I was born in London, grew up mostly in Edinburgh but the place that we returned to time and time again in holidays and in dreams was my grandmother’s house in Cornwall. I even attended primary school here for a while before we made the move to Edinburgh. This was where I had my seventh birthday when I was given a blue canvas tent and I camped out alone in the vast garden.
The house was an old mill house situated on a tidal estuary. My childhood memories are full of anticipation of the tides and the weather: the grey expanse of mud as the water retreated, crabs scuttling from lifted slates, the grey of slate on the beach and house and garden walls, the jetty and slipway with the over-hanging ilex tree and the frequent drizzle. If the tide was right, we swam or messed around in boats. But sometimes the tide would come in all scummy and there could be no swimming: or the wind would suddenly drop and there could be no sailing. There were walks along to China Beach to collect pieces of broken crockery where clumps of shiny sea spinach, spiky samphire and silvery, grey- green sea purslane were revealed when the tide went out.
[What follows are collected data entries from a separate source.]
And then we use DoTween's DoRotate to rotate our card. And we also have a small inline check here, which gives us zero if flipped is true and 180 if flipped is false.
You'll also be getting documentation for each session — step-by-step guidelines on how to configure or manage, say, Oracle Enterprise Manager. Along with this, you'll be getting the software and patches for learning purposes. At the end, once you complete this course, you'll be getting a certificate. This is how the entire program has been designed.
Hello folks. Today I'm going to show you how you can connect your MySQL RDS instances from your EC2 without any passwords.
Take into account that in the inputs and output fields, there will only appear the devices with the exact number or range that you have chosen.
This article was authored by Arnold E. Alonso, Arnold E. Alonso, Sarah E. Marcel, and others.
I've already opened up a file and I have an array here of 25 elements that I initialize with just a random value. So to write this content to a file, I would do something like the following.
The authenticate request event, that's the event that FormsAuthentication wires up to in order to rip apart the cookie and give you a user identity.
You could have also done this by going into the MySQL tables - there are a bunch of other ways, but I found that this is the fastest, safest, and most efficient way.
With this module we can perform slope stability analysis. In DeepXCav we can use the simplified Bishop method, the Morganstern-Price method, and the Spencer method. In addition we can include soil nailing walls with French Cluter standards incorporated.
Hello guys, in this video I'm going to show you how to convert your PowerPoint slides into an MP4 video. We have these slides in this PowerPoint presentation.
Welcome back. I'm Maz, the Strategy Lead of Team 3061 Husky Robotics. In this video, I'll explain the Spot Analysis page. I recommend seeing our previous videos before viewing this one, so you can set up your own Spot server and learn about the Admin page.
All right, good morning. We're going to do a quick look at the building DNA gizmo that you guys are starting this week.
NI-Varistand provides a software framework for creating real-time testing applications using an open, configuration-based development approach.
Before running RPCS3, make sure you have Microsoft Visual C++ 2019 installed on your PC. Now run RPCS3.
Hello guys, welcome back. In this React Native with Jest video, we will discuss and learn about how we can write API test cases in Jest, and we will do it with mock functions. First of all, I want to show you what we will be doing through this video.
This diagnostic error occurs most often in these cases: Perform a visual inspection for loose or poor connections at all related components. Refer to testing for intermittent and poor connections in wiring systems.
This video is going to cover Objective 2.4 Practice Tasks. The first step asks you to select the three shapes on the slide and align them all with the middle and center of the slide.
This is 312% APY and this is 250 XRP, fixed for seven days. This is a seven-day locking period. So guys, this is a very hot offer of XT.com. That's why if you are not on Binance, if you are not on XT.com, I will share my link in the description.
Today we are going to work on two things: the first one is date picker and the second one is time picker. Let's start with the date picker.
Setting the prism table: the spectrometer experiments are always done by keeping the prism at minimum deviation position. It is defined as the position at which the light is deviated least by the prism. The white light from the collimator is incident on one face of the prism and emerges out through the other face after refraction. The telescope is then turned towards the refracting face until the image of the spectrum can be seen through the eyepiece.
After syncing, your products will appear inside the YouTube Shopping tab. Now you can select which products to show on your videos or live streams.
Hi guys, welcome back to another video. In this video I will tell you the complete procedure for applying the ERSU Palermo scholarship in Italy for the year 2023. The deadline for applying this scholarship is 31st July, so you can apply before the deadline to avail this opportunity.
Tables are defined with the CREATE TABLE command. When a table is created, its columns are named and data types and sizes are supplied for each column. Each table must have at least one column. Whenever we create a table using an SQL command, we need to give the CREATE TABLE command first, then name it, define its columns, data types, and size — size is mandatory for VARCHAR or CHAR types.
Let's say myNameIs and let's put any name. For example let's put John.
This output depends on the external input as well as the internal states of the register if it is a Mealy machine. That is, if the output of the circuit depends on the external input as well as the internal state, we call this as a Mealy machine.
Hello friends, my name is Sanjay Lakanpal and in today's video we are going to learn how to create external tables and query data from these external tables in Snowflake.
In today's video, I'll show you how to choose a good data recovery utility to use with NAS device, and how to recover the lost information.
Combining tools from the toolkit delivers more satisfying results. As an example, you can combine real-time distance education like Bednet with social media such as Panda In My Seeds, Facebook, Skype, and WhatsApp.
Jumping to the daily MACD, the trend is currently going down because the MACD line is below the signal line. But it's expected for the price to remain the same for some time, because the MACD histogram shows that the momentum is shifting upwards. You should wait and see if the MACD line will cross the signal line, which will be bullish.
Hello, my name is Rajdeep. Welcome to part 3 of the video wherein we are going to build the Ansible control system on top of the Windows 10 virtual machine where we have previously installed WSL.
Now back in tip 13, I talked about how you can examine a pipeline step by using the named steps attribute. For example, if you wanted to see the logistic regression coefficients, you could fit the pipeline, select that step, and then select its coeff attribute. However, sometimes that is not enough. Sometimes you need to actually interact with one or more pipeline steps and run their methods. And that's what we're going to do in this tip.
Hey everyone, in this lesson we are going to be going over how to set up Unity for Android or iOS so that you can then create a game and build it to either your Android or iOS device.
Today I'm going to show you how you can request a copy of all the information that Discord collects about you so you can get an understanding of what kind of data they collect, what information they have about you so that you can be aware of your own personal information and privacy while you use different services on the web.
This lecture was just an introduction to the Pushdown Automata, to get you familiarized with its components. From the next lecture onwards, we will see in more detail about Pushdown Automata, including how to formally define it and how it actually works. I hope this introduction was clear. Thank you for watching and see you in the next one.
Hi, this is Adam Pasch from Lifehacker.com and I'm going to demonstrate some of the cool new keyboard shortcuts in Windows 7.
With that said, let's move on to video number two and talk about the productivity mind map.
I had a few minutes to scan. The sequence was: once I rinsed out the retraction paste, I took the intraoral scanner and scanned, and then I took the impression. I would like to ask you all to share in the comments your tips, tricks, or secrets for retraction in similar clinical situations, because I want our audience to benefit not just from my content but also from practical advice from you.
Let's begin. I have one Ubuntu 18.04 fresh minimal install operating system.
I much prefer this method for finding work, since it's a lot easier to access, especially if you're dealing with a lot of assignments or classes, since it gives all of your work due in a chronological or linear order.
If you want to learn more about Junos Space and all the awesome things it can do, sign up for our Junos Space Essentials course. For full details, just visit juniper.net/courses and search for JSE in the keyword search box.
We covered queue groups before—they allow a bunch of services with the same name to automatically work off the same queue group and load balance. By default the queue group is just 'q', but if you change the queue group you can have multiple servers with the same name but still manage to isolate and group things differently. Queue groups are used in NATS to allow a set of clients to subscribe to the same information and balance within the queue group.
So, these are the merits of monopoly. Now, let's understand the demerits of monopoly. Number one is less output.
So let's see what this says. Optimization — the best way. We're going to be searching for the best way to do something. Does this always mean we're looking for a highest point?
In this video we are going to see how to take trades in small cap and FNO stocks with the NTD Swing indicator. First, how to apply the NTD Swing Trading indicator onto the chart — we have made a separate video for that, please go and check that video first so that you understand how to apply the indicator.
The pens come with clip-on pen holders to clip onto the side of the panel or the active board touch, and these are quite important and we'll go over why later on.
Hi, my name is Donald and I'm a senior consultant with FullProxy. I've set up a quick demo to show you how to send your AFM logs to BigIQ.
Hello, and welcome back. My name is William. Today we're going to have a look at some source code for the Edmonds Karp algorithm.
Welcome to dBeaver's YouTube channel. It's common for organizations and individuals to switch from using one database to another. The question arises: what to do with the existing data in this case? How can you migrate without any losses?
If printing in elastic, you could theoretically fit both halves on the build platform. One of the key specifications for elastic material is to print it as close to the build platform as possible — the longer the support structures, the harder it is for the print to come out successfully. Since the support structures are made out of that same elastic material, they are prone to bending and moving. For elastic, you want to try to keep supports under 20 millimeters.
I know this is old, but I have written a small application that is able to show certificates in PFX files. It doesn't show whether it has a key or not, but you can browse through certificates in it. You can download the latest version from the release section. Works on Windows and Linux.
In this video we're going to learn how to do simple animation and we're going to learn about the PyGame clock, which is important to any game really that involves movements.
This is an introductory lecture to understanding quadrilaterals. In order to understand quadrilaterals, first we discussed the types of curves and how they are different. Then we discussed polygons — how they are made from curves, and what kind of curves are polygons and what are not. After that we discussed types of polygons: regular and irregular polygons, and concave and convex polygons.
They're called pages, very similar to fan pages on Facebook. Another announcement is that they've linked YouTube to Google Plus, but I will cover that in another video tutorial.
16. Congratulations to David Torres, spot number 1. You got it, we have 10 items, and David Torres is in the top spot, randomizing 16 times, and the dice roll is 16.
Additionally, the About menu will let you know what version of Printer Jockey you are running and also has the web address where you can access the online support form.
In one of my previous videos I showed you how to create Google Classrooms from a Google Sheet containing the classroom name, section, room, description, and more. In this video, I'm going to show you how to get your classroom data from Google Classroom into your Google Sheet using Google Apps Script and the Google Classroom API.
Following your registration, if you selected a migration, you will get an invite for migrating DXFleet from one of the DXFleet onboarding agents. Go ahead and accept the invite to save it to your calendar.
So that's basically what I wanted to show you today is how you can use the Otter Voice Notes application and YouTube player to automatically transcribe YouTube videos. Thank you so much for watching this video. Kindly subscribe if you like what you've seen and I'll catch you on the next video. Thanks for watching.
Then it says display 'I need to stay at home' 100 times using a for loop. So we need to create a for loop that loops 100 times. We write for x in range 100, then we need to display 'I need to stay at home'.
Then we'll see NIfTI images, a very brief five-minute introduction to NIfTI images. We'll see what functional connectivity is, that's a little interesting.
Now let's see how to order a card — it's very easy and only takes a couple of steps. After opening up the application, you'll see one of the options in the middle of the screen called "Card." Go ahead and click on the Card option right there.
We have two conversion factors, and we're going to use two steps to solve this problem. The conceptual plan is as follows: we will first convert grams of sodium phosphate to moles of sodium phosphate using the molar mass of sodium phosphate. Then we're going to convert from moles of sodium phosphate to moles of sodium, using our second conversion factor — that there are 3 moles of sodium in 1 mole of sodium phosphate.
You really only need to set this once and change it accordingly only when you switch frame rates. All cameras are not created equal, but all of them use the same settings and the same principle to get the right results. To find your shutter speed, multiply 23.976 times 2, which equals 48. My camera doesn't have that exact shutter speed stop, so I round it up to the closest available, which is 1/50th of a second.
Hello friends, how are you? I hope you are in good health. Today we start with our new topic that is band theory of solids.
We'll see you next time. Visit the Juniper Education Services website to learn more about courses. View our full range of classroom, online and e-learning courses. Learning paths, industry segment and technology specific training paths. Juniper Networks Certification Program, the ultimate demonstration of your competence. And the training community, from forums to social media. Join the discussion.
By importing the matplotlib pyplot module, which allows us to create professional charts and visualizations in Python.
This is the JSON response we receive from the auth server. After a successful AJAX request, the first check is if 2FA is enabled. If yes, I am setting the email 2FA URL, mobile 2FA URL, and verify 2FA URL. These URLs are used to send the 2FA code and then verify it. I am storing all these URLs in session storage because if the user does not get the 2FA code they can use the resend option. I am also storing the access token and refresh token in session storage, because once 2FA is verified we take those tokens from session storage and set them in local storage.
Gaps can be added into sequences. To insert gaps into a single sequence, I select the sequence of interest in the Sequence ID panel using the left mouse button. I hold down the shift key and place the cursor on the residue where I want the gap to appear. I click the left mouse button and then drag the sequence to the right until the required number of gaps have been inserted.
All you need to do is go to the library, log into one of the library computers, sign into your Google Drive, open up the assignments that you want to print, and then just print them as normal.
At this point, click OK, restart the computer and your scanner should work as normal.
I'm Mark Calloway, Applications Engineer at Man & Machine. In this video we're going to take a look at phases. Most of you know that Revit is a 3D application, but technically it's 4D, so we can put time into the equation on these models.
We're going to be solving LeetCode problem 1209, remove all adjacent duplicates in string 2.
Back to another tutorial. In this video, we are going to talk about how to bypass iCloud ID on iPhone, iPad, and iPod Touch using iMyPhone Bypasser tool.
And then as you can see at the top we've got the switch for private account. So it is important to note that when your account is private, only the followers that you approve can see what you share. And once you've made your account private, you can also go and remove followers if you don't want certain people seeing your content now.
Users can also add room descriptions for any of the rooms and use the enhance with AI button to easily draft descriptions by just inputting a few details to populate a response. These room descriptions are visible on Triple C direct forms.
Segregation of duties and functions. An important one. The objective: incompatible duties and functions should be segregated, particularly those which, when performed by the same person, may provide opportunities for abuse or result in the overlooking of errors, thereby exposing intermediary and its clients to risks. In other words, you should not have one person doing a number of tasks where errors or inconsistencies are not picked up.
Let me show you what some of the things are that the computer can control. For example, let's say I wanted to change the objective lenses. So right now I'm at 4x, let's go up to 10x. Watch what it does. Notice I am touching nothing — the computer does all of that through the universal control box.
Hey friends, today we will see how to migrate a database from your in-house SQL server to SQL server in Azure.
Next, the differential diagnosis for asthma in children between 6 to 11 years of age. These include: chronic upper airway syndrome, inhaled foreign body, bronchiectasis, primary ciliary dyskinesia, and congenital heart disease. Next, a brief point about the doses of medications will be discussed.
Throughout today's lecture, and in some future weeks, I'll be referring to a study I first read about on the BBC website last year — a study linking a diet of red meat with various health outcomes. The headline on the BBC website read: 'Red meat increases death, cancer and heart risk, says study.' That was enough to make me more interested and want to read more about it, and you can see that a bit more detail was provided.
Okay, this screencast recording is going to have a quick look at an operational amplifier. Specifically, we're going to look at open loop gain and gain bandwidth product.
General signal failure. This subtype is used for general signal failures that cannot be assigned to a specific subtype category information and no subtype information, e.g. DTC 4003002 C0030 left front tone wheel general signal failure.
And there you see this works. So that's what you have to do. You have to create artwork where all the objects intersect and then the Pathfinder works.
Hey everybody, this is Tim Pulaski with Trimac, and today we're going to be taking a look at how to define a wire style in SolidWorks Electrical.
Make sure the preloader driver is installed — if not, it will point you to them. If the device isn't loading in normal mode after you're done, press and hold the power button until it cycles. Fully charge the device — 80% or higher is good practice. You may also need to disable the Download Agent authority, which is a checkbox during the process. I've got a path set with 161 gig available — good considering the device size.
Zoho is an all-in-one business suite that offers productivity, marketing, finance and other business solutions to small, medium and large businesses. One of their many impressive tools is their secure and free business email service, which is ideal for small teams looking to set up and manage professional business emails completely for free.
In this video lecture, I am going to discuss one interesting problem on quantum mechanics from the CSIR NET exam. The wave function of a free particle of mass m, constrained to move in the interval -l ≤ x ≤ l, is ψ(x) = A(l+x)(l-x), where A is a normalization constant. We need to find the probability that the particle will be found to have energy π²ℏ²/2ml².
I remember how the swallows swooped across the garden path into their nest in the tool shed, when each year they returned from Africa, further than I will ever travel. We drank cups of tea on the slate steps where we scrawled noughts and crosses in the afternoon sun and had games of “hangman” with little pieces of slate. In the evening, I would listen to the oyster catchers and the sand pipers, calling their longing and wistfulness across the creek.
This was where I read a hundred books every summer, curled up in an armchair in a quiet room, dreaming of adventure and romance. Those cast-iron gates, at the threshold of the garden are still there in my imagination, calling me into that precious lost world.